[Short text fragments from websites]
BEGIN

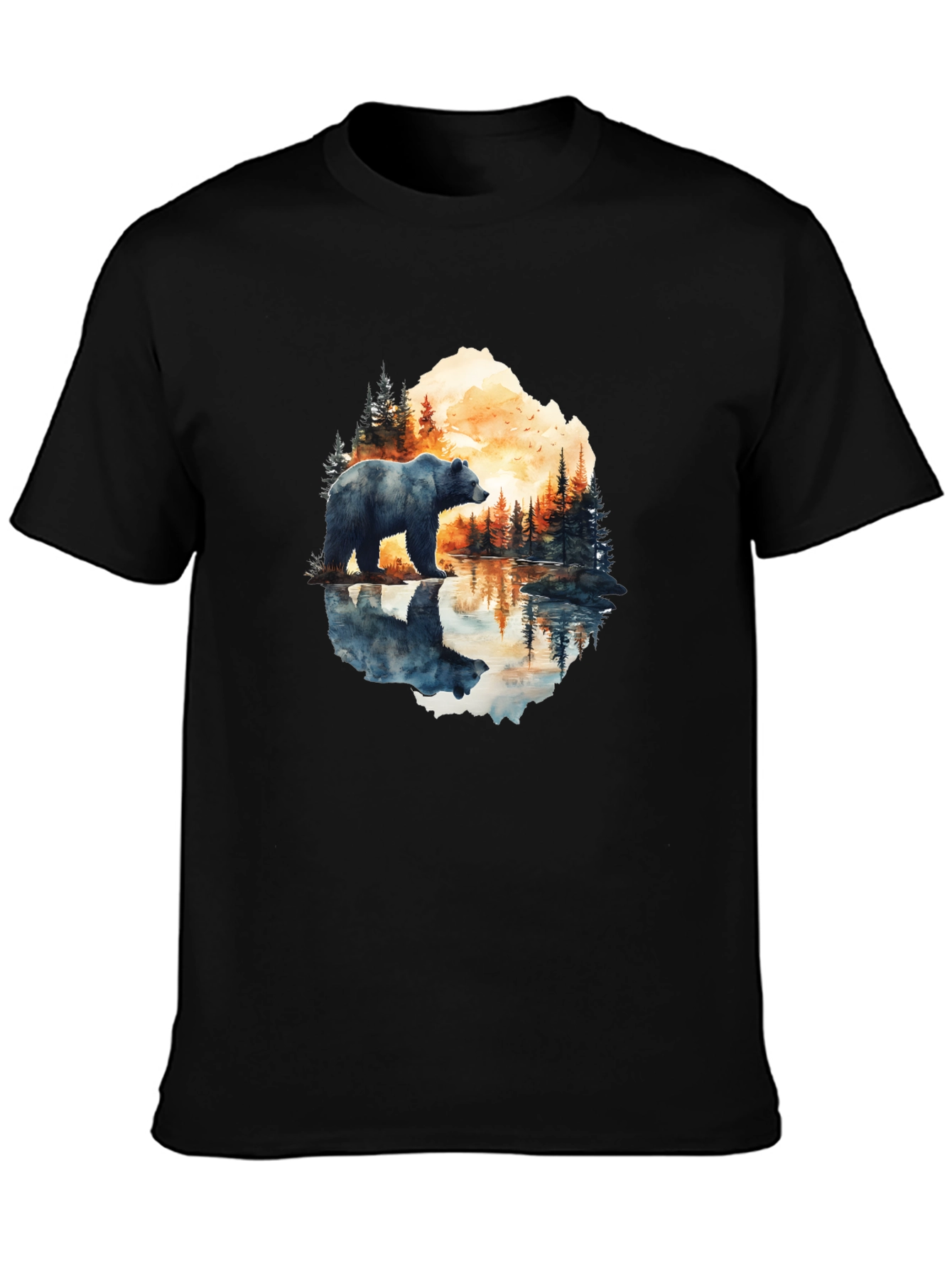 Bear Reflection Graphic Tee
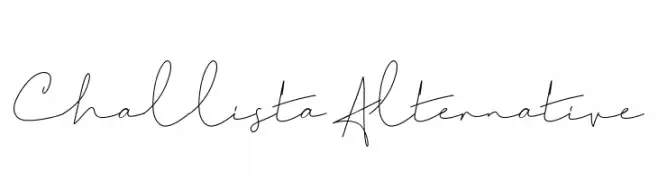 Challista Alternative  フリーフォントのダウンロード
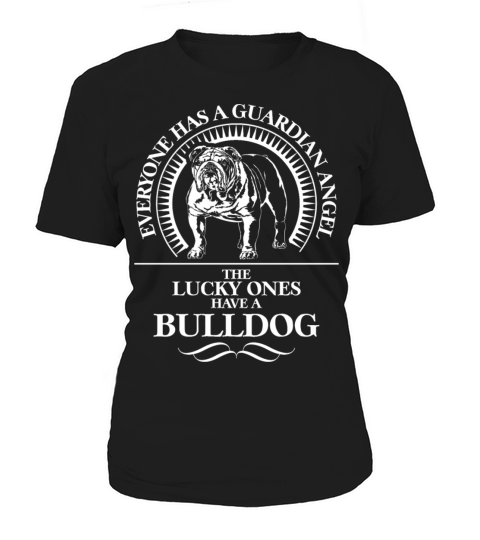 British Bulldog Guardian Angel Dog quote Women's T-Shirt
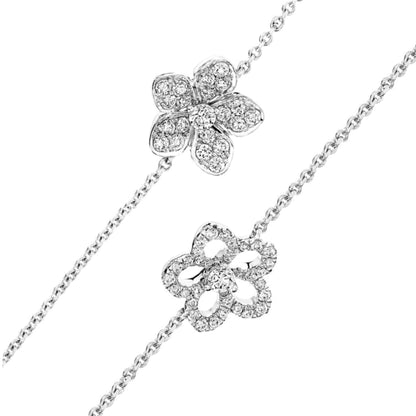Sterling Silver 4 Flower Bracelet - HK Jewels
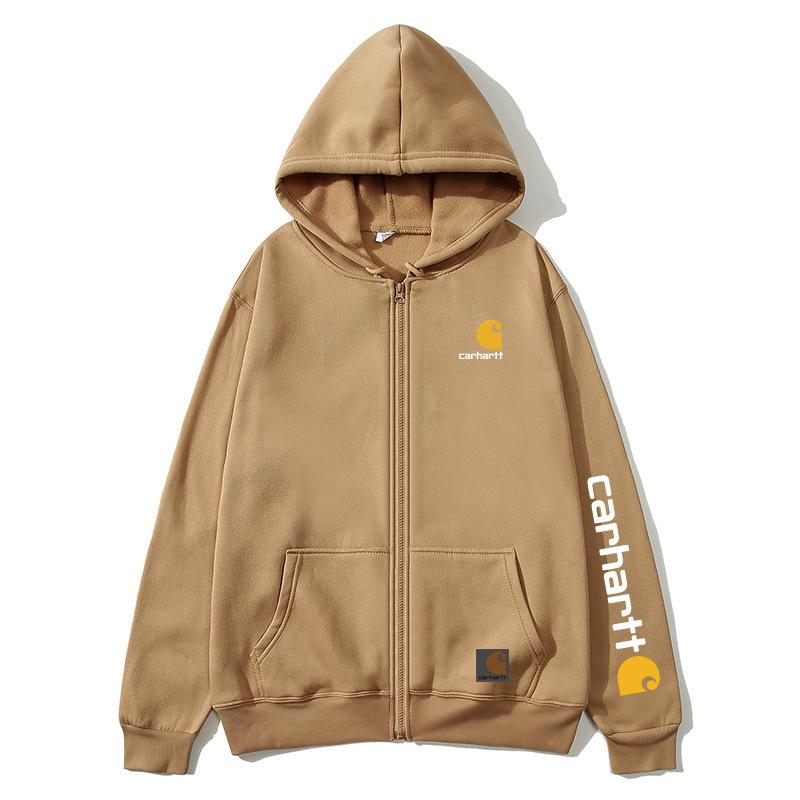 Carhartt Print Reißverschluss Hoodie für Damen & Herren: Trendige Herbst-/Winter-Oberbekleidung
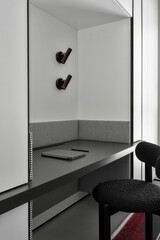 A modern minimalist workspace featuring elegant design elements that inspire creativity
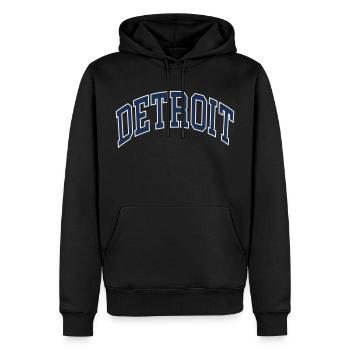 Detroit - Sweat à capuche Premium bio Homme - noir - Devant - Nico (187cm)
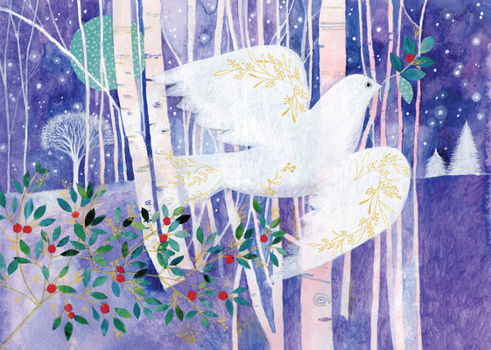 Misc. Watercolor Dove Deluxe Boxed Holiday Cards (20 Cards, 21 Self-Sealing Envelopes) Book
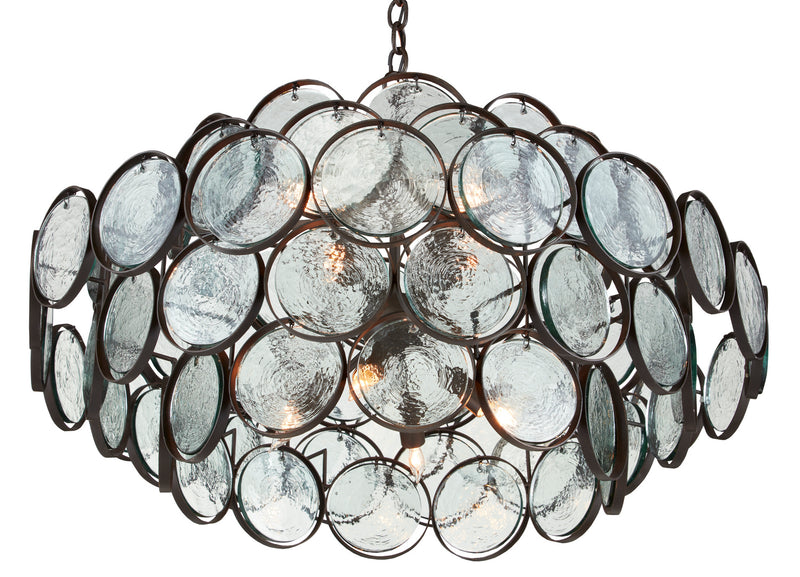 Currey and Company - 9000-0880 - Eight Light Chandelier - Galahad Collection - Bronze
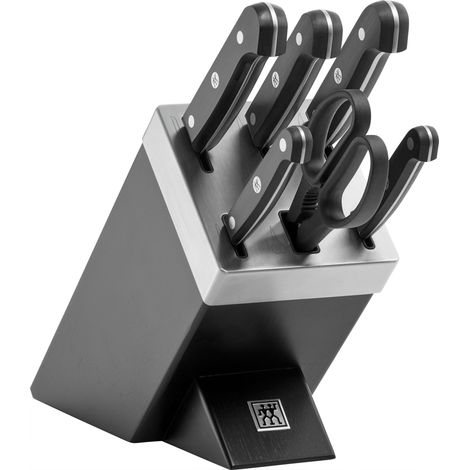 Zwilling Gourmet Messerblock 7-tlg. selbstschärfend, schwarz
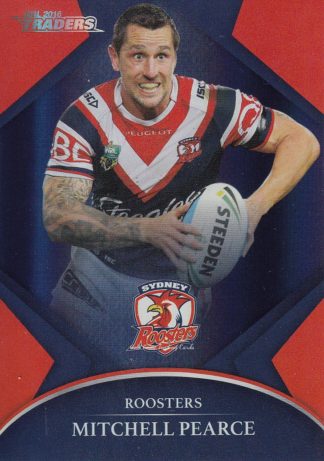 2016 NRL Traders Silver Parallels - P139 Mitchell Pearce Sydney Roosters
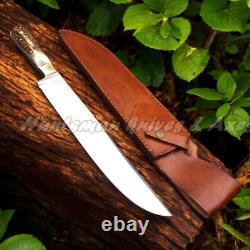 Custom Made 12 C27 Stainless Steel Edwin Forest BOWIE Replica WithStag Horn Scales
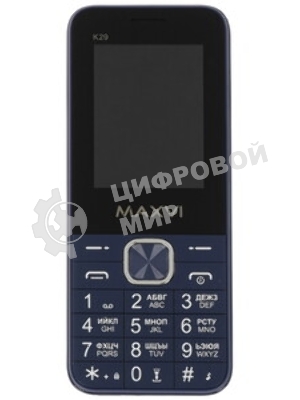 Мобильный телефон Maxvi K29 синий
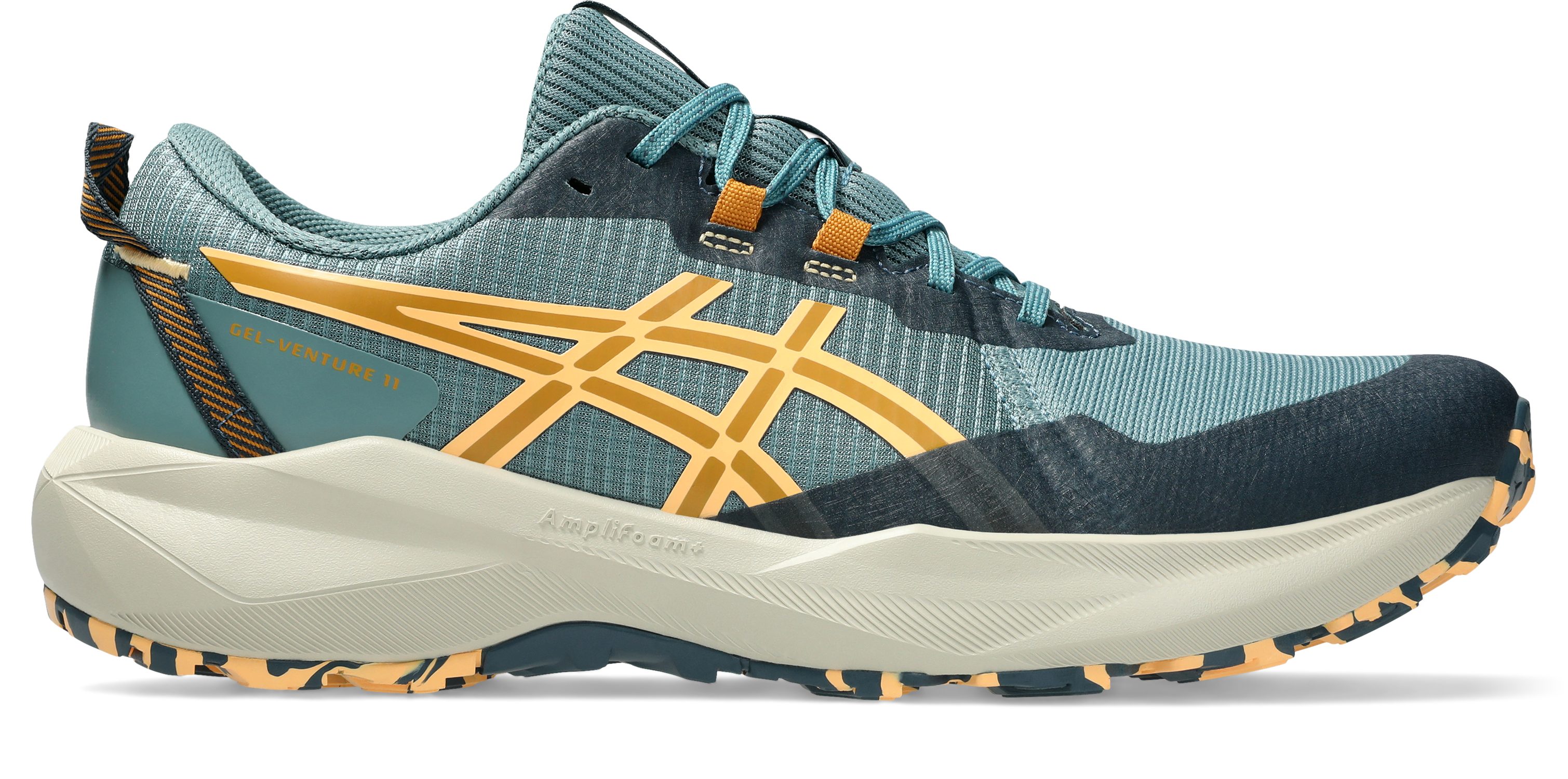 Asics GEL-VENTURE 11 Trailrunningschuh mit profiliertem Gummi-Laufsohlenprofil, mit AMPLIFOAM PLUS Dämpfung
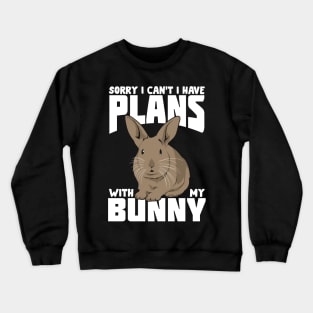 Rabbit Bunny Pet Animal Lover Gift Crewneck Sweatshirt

END

§ WHAT YOU HAVE TO DO
Excluding the pictures, output every entry above without alteration.

§ EXERCISE ANSWER
 Bear Reflection Graphic Tee
 Challista Alternative  フリーフォントのダウンロード
 British Bulldog Guardian Angel Dog quote Women's T-Shirt
Sterling Silver 4 Flower Bracelet - HK Jewels
 Carhartt Print Reißverschluss Hoodie für Damen & Herren: Trendige Herbst-/Winter-Oberbekleidung
 A modern minimalist workspace featuring elegant design elements that inspire creativity
 Detroit - Sweat à capuche Premium bio Homme - noir - Devant - Nico (187cm)
 Misc. Watercolor Dove Deluxe Boxed Holiday Cards (20 Cards, 21 Self-Sealing Envelopes) Book
 Currey and Company - 9000-0880 - Eight Light Chandelier - Galahad Collection - Bronze
 Zwilling Gourmet Messerblock 7-tlg. selbstschärfend, schwarz
 2016 NRL Traders Silver Parallels - P139 Mitchell Pearce Sydney Roosters
 Custom Made 12 C27 Stainless Steel Edwin Forest BOWIE Replica WithStag Horn Scales
 Мобильный телефон Maxvi K29 синий
 Asics GEL-VENTURE 11 Trailrunningschuh mit profiliertem Gummi-Laufsohlenprofil, mit AMPLIFOAM PLUS Dämpfung
 Rabbit Bunny Pet Animal Lover Gift Crewneck Sweatshirt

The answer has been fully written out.